Stored data
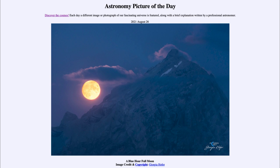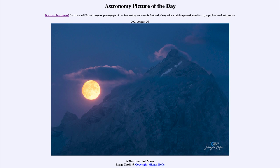So here we get to see the blue moon — the third full moon of a season with four. We get to see it in the blue hour, right in twilight before sunrise or after sunset, making it nicely visible. And we get to see the full moon, which is always opposite to the sun in the sky, so it is always rising as the sun sets and setting as the sun rises. That was our picture of the day for August 26th, 2021, titled 'A Blue Hour Full Moon.'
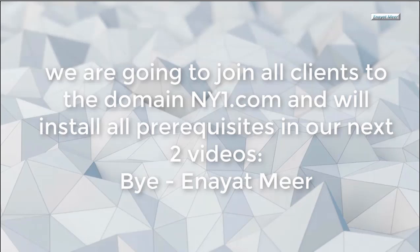So once again, we are going to join all clients to the domain ny1.com and will install all prerequisites in our next two videos. I will see you in my next video. Thank you for watching.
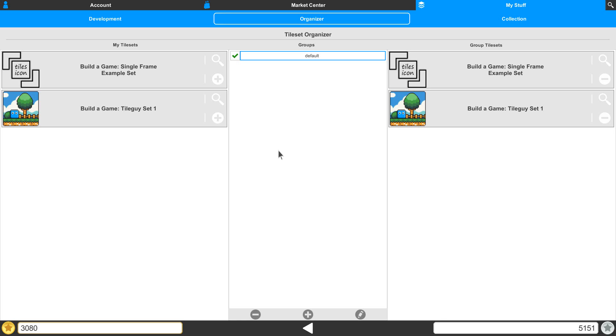And that will bring us to a close on our organizer and the tileset organizer. The next thing we'll take a look at is our collection.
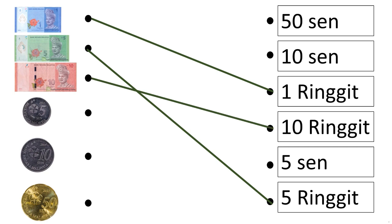Alright, 5 cent. Which one is 5 cent? Yes, cent means coins. Therefore, you are right. The fifth one is 5 cent. Let's match it.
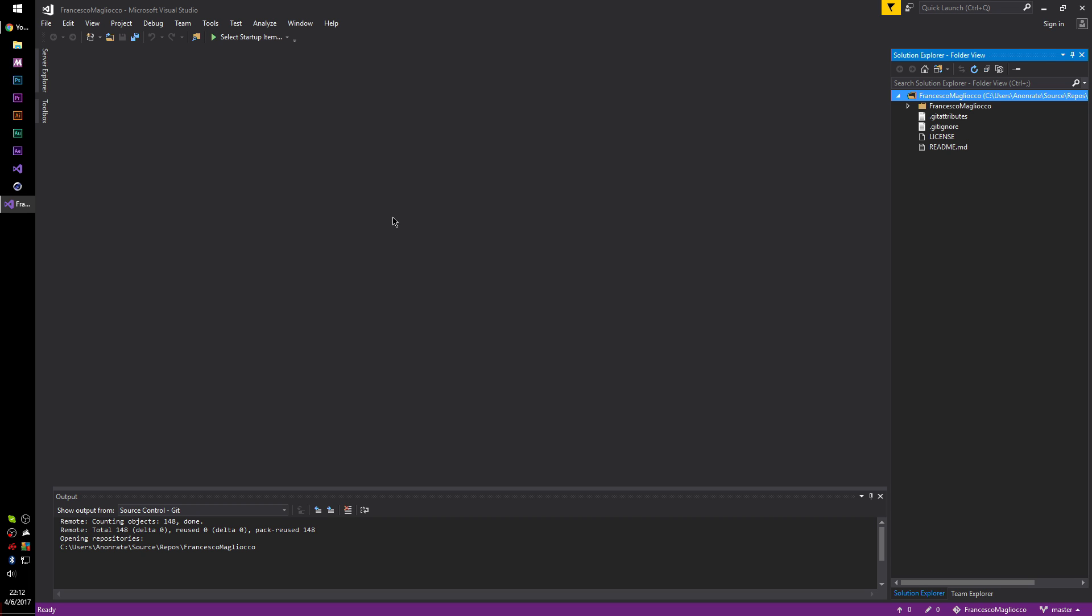Hello everybody, today I'm going to show you how you can not necessarily delete a repository from your GitHub accounts, but remove it from within Visual Studio so you don't see it there anymore.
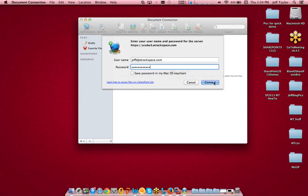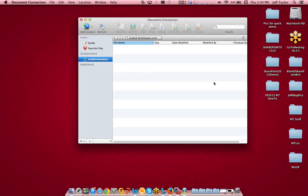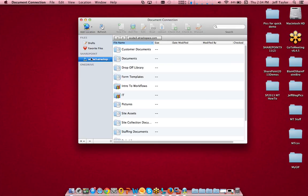Click Connect. After a few moments, there we go. On the left-hand side, I now see my scuba3.atrackspace.com URL. And I also see all the content from my SharePoint site.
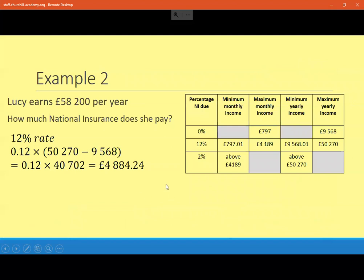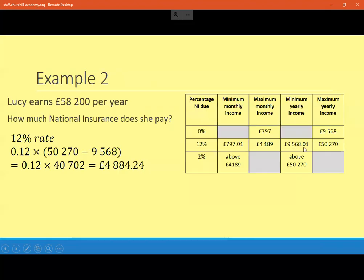Lucy earns £58,200 a year — how much national insurance will she pay? £58,200 clearly goes above the upper bracket, so she will pay 2% on something. But for the 12% rate, she's going to pay 12% on the full distance between the two thresholds: £50,270 minus £9,568 equals £40,702. 12% of that is £4,884.24. So anybody earning over £50,270 is going to be paying this amount in the 12% bracket.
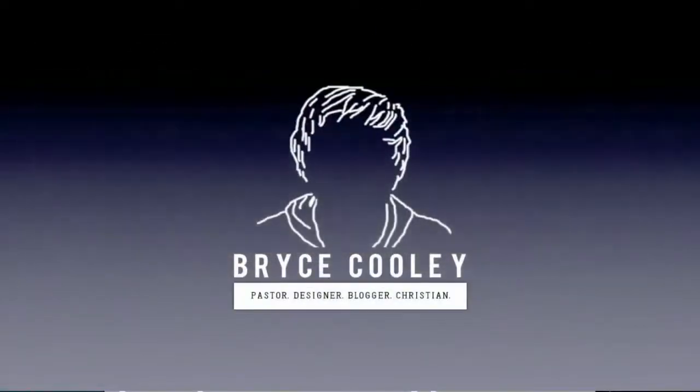Hello, this is Bryce from BryceCooley.com, showing you how to do the stuff that I like to do.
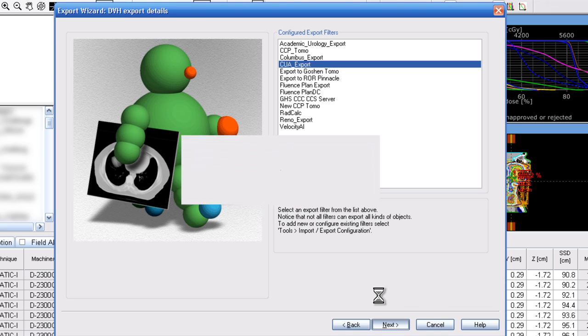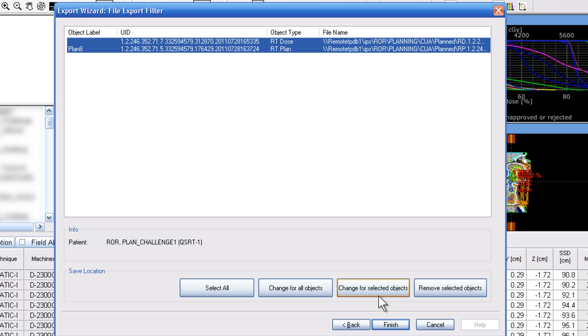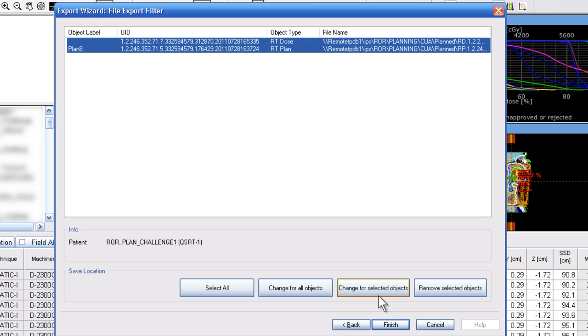It will go through the process here and assemble the required files. You should see an RT dose file and an RT plan file. Those two are the only ones that we need now to verify the submitted plan.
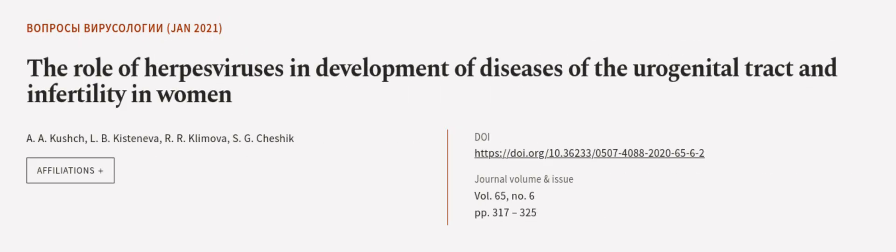This article was authored by A. A. Koosh, L. B. Kistaneva, R. R. Klomova, and others.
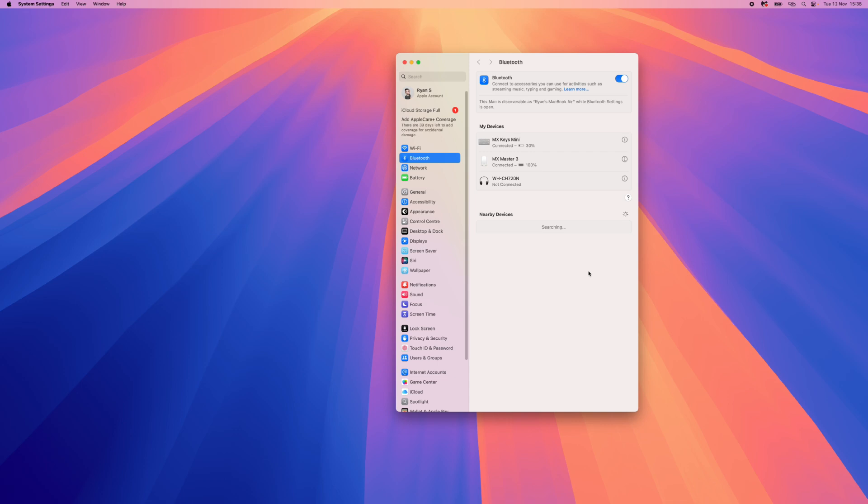You will then have to put this into pairing mode. Once this is in pairing mode, it will show under nearby devices on this section. Reselect the MX Master 3, and once you reselect this, that will allow your mouse to start working.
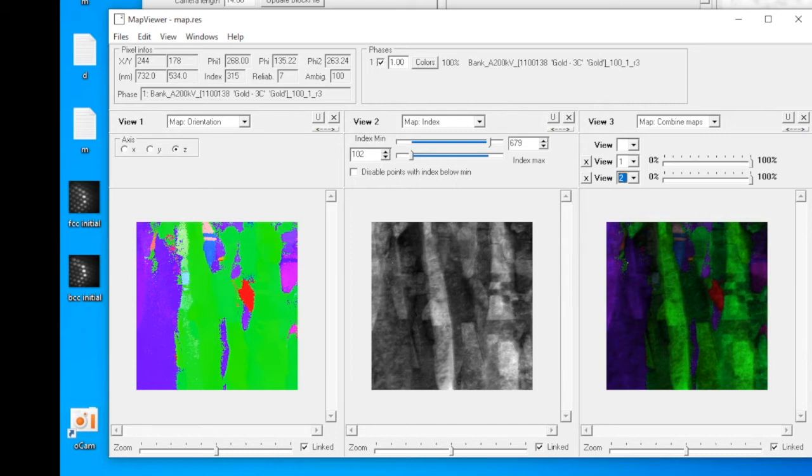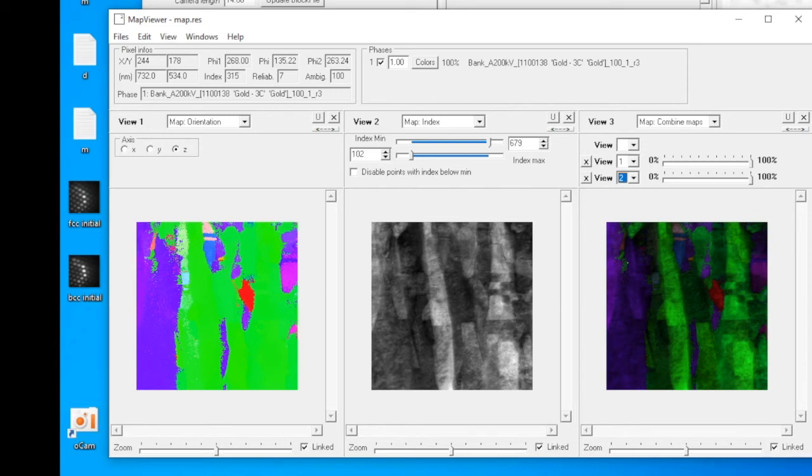This is a very short introduction of what you can do with the map viewer. There are a lot of parameters you can tune and a lot of things you can try. I strongly encourage you to play with the software and learn more through doing.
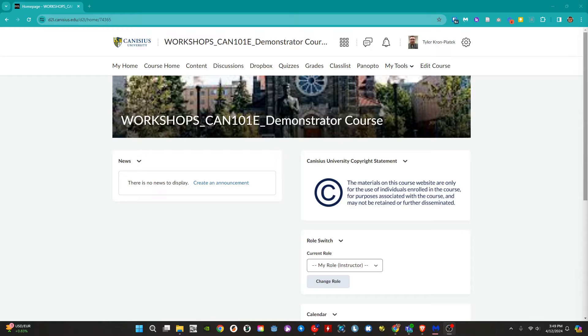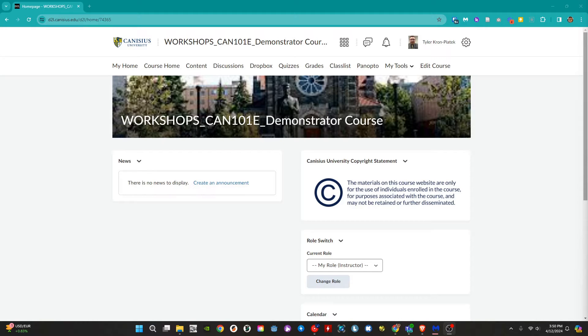Hi all, this is Tyler Krompeotek from Canisius. In this video we will review how to reply to a thread in D2L. A reply is a user's response to a thread. Let's get started.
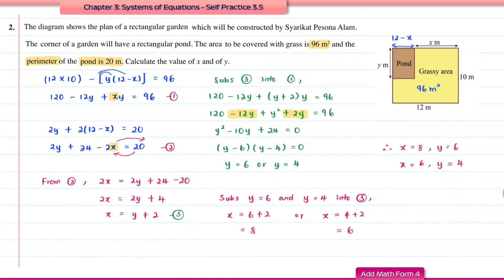Looking at the first pair — x = 8, y = 6 — the pond width is 12 − 8 = 4 m, which is logical. For the second pair — x = 6, y = 4 — the pond width would be 12 − 6 = 6 m, which is half the garden length and not convincing based on the diagram. Therefore, the answer is x = 8 and y = 6.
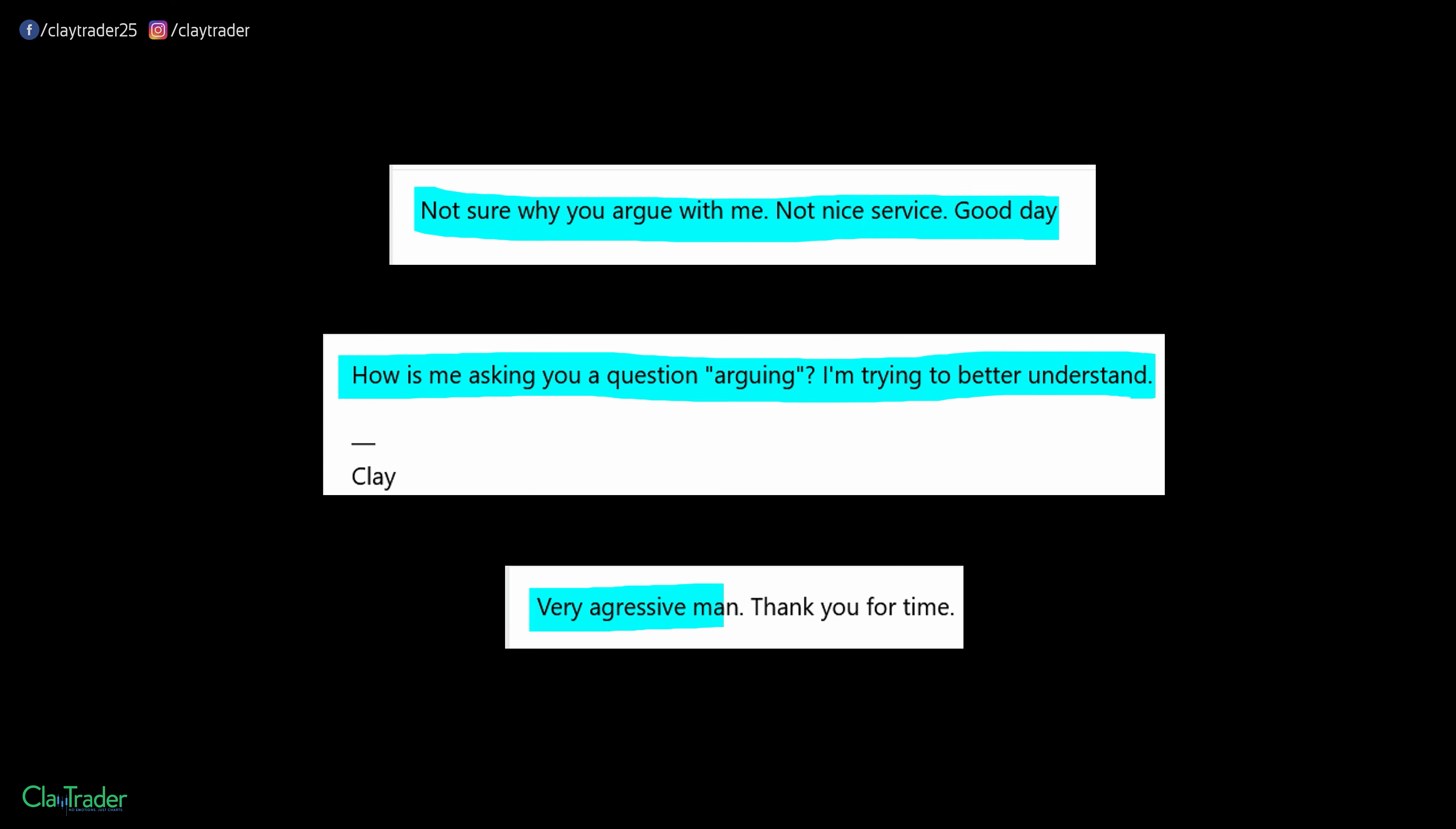So once again, I'm trying to give this person the benefit of the doubt. Wait a second, how is me, I'm literally just asking questions. How are questions a form of arguing here? Just trying to better understand. I mean, that's all I'm trying to do. I'm trying to just, hey, I'm trying to help out here. So let's try to stay on the same page. Very aggressive, man. Thank you for your time. What? Bro, what are you talking about, man? And right there is just kind of the cherry on top. I'm being very aggressive.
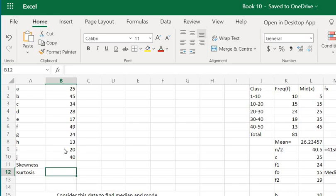Before that we need to understand what skewness or kurtosis is. Now skewness is simply a measure of asymmetry in the data. A positive or a negative value of skewness denotes that the curve is either inclined towards the right or the left.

* PROBLEM REQUIREMENTS: Starting at the line that holds "Hi all, this", print each line through the last one of the entries above, exactly and with both ends included; no pictures.

* OUTPUT:
Hi all, this is Tyler Krompeotek from Canisius. In this video we will review how to reply to a thread in D2L. A reply is a user's response to a thread. Let's get started.
Looking at the first pair — x = 8, y = 6 — the pond width is 12 − 8 = 4 m, which is logical. For the second pair — x = 6, y = 4 — the pond width would be 12 − 6 = 6 m, which is half the garden length and not convincing based on the diagram. Therefore, the answer is x = 8 and y = 6.
So once again, I'm trying to give this person the benefit of the doubt. Wait a second, how is me, I'm literally just asking questions. How are questions a form of arguing here? Just trying to better understand. I mean, that's all I'm trying to do. I'm trying to just, hey, I'm trying to help out here. So let's try to stay on the same page. Very aggressive, man. Thank you for your time. What? Bro, what are you talking about, man? And right there is just kind of the cherry on top. I'm being very aggressive.
Before that we need to understand what skewness or kurtosis is. Now skewness is simply a measure of asymmetry in the data. A positive or a negative value of skewness denotes that the curve is either inclined towards the right or the left.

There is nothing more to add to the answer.